Just two weeks after the City of Cape Town announced its withdrawal to oppose the Maiden’s Cove review application brought by a number of residents in the High Court, the developer has now followed suit and thrown in the towel on the matter.
The application was filed by the Bungalow Owners’ Association (BOA) and others asking the court to review and set aside the City’s decision to sell and lease the City-owned land between the Clifton bungalows and Camps Bay.
The decision by the City was welcomed by the applicants and local ratepayers who were supporting the applicants.
The developer, a private company called K2015298271 South Africa (Pty) Ltd has now told the applicants that they would no longer oppose the application.
The chairperson of the Camps Bay and Clifton Residents’ Association (CBCRRA), Chris Willemse, said this was good news that the legal matter surrounding the “ill-conceived” action by the City appears to be heading for the only logical conclusion possible – the abandonment of the project.
“However, it is now critical to unpack the City’s actions that led to this mess and there needs to be transparency and accountability. Further, the wasted expenditure on this project must be quantified and those who authorised it must be held responsible, preferably personally,” he said.
Mr Willemse said various ratepayer organisations, civic groups and citizens have been clearly spelling out the problem with the proposal for years now.

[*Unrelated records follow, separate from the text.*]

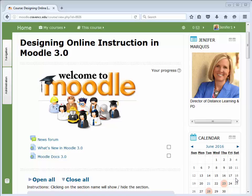That's it! Thank you for joining me for Designing Online Instruction in Moodle 3, Turnitin.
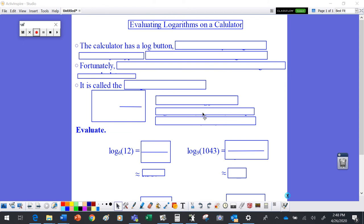We're taking another look at logarithms. Last time we decided what they were and talked about how to write them in terms of exponents. Now we're looking at how to evaluate them. For something simple like log base 2 of 8, we ask what exponent raises 2 to get 8 — that's 3. But something more complex, like what power raises 6 to get 12, won't be an integer. Between the first and second power of 6 we get 6 and 36, so the answer is somewhere between 1 and 2, and we need another way to find it.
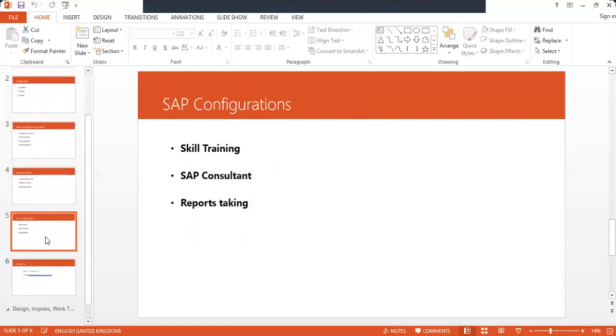For SAP configuration, you need skill training in SAP MM. What are the enterprise structures and organizational structures? You should know the basics of how SAP works, like creation of purchase orders, how to create goods receipts, and how to do invoicing. For that, you should undergo SAP MM skill training.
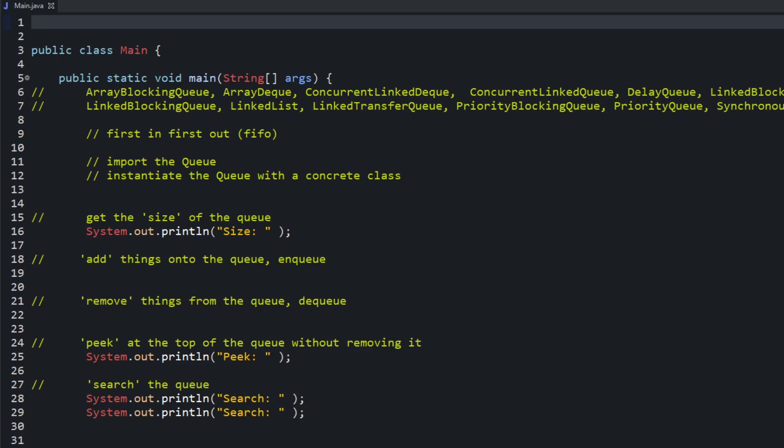What is up everybody and welcome to the 29th Java tutorial. In this one we're going to be talking about the queue. So what the queue is, it's a list. It's a collection of elements just like the ArrayList, the LinkedList, and the Stack that we just went over.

“The CBCRRA – and indeed all of Cape Town — owe a debt of gratitude to the Clifton Bungalow Owners and the Maiden’s Cove for All, who relentlessly pursued this matter and were prepared to take the matter to the High Court, especially against an administration which has a deplorable record of using ratepayers’ money to fight against its own citizens,” said Mr Willemse.
A member of Maiden’s Cove for All (MCA)* , Janey Ball, said the effect was that they would go to court unopposed and have to settle costs.
She said they want a seat on the table on the new plan for the site.
Ms Ball said the proposed development would not be happening and the on the day of the hearing, the judge will issue an order of who pays what costs.
BOA’s Richard Summers said this was an equally significant development as the matter will effectively be argued in court on an unopposed basis. This means that the court will have regard for the BOA’s submissions when deciding whether or not to overturn the City’s decisions to sell off / lease the sensitive heritage area of Maiden’s Cove.
“Litigation is always uncertain but given the fact that the City had already effectively conceded that their process was flawed, it would have been extremely difficult for the developer to defend a decision which the City itself was unable or reluctant to defend,” he said.
The matter will now be set down for hearing at the High Court on Friday November 16 when the court will decide whether to grant the relief sought by the BOA, including overturning the entire tender process relating to the Maiden’s Cove site.